LocalDT          IsBritishTime UTC
---------------- ------------- ----------------
2000-01-01 00:00 1             2000-01-01 00:00
2000-03-26 00:59 1             2000-03-26 00:59
2000-03-26 01:01 1             2000-03-26 00:01 -- changed
2000-10-29 01:59 1             2000-10-29 00:59 -- changed
2000-10-29 02:01 1             2000-10-29 02:01
2000-12-31 23:59 1             2000-12-31 23:59
2000-04-01 00:00 0             NULL

(And actually, the March 26 1:01 local time shouldn't be possible - at 1:00 AM, the clocks rolled forward to 2 AM, so how could it ever have been 1:01 AM locally? So, you may want to special case that hour and deal with those cases individually. This is why every system I design stores UTC from the start - there is no plausible reason to store local time, since I can always get that from UTC, but I can't always get back.)

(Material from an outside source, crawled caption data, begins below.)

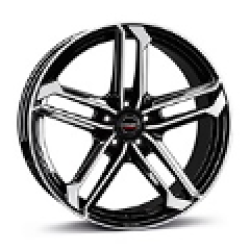 ATX black polished glossy 8.5x20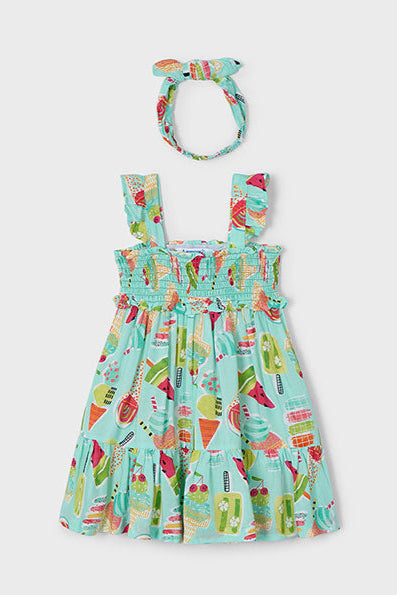 girls smocked icecream sundress + headband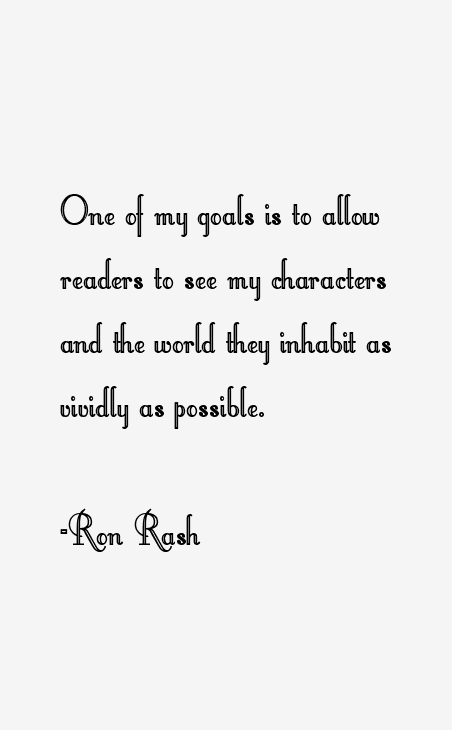 Ron Rash Quotes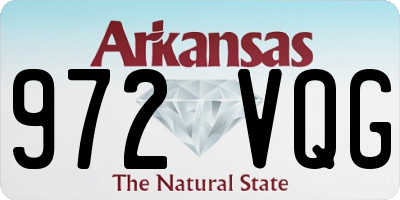 AR license plate 972VQG
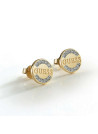Boucles d'oreilles Guess "Uptown chic" Acier doré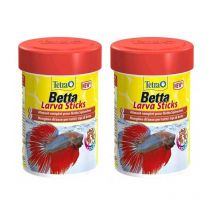 Sticks pour combattants Tetra betta larvasticks 85 ml (Lot de 2)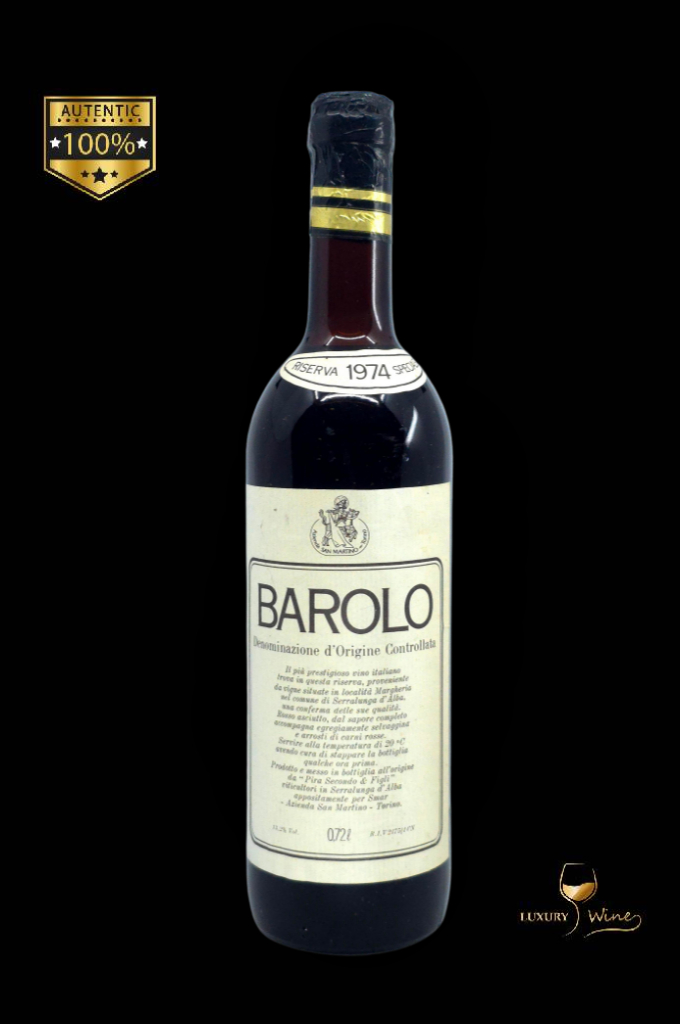 1974 vin vechi de colectie Barolo Riserva vin de colectie 1974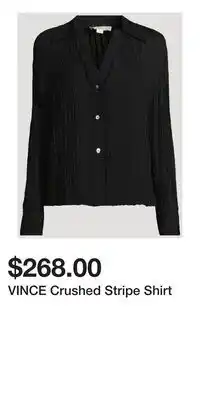 Holt Renfrew VINCE Crushed Stripe Shirt offer
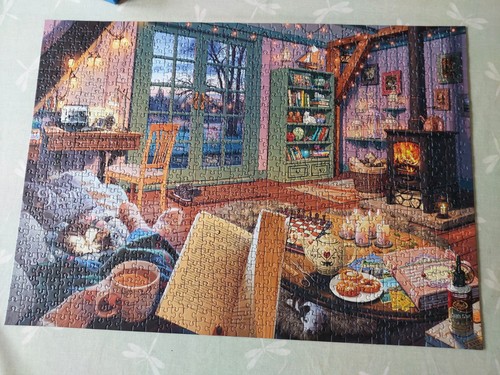 Rompecabezas completo Ravensburger - My Haven No.6 The Cosy Shed 1000 piezas - Imagen 9 de 9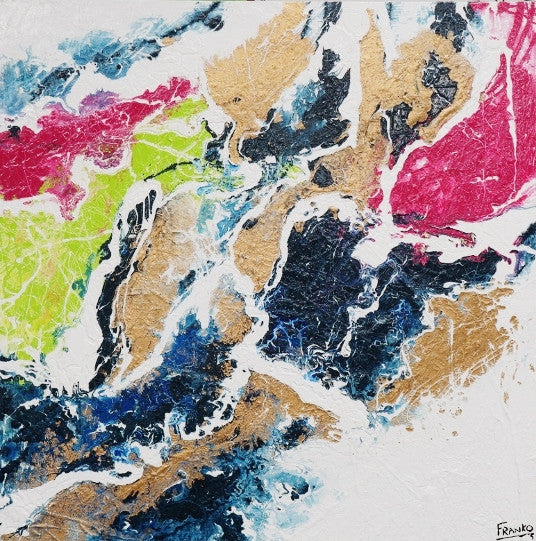 Be Inspired! Abstract Colourful (SOLD)-abstract-[Franko_Artist]-[Australian_artist]-[Gold_Coast]-[Brisbane]-[modern]-[contemporary]-[original]-[Large_artwork]-Franklin Art Studio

Of course, this will affect all rows that match the WHERE clause, it's just that some of the rows won't have a different value for UTC. I highly recommend putting this into a different column first, rather than just changing the start time, so that you maintain the original data in case something goes wrong, you need to troubleshoot, you do end up needing that data later, etc. You can change the column names if you want to use the UTC value in existing queries instead of changing those one-by-one.

This will work best if you have supporting indexes on the underlying table. If you are performing this update against multiple time zones (and have a column that can identify rows by local time zone), then creating a filtered index for each operation might be something worth trying. If you are identifying by some other indirection (such as UserID), maybe you could do a user at a time, or the set of users from each time zone. Chunking will work best in terms of blocking and log impact, but having no other details about the structure and how you could partition the data, that's the best I can do.

I provided British Time above, since it was the example in the question, but you'll obviously need different calculations for different timezones that have different offsets and different start/end dates (and those may differ from year to year, for example in 2007 the US dates changed).

This is based on the fact that the UK (well, London specifically) moves forward to 2 AM BST on the last Sunday of March at 1 AM local (or UTC), and back to 1 AM GMT the last Sunday of October at 2 AM local (1 AM UTC). Corroborate here; link courtesy @JackDouglas.